**Work to complete:** From the line that holds "Make walnut sesame peanut sugar step 9" down to the last line of the listing below, reproduce each line exactly and nothing more, omitting pictures.

**Data extract:**
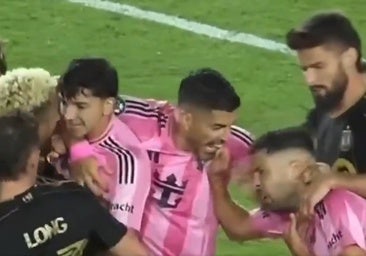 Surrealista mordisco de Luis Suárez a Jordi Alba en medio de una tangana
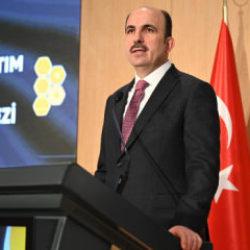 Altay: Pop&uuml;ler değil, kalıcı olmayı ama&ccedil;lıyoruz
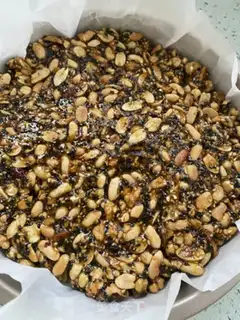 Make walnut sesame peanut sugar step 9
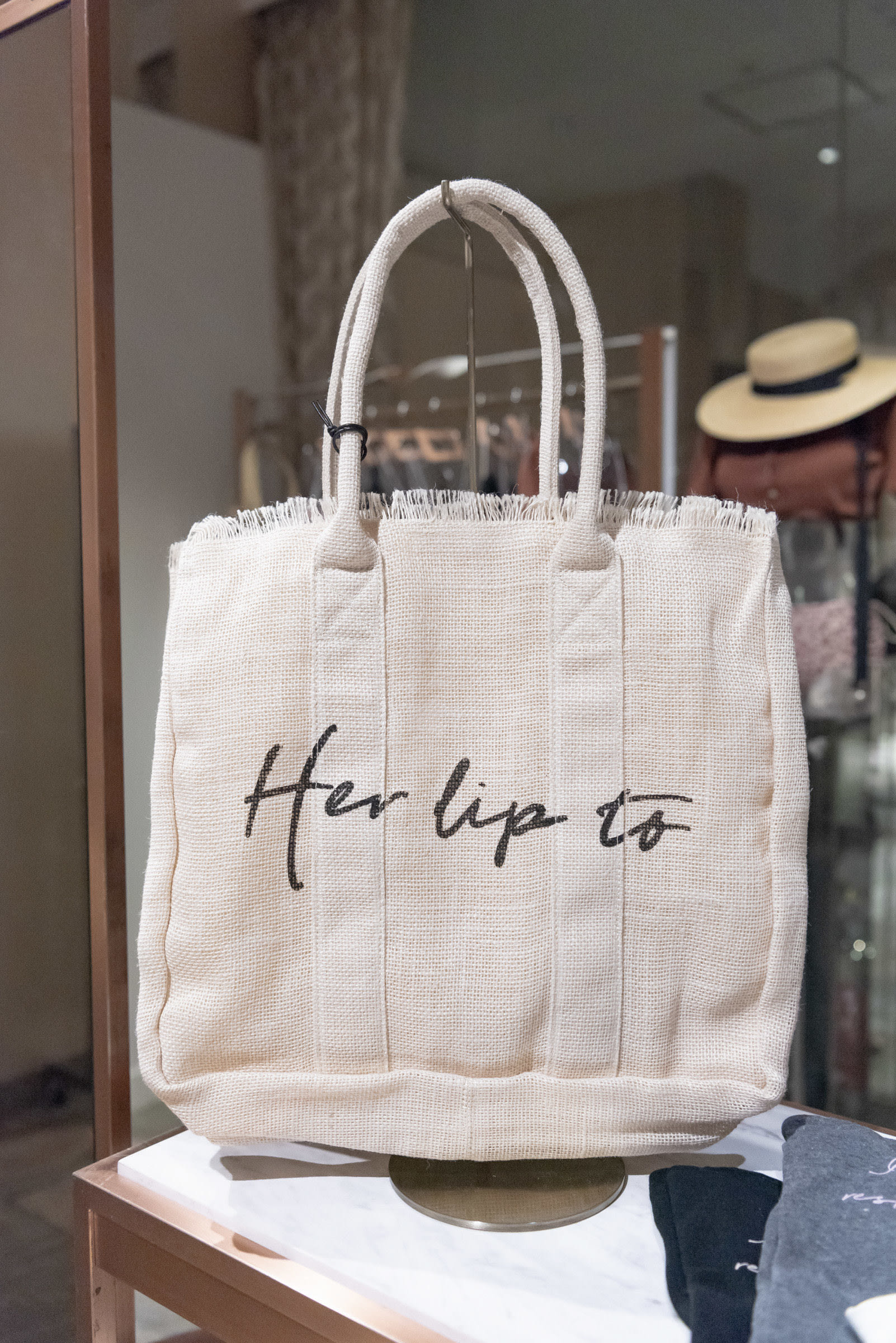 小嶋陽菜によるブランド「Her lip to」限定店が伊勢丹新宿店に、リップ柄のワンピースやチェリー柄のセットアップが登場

**Solution:**
 Make walnut sesame peanut sugar step 9
 小嶋陽菜によるブランド「Her lip to」限定店が伊勢丹新宿店に、リップ柄のワンピースやチェリー柄のセットアップが登場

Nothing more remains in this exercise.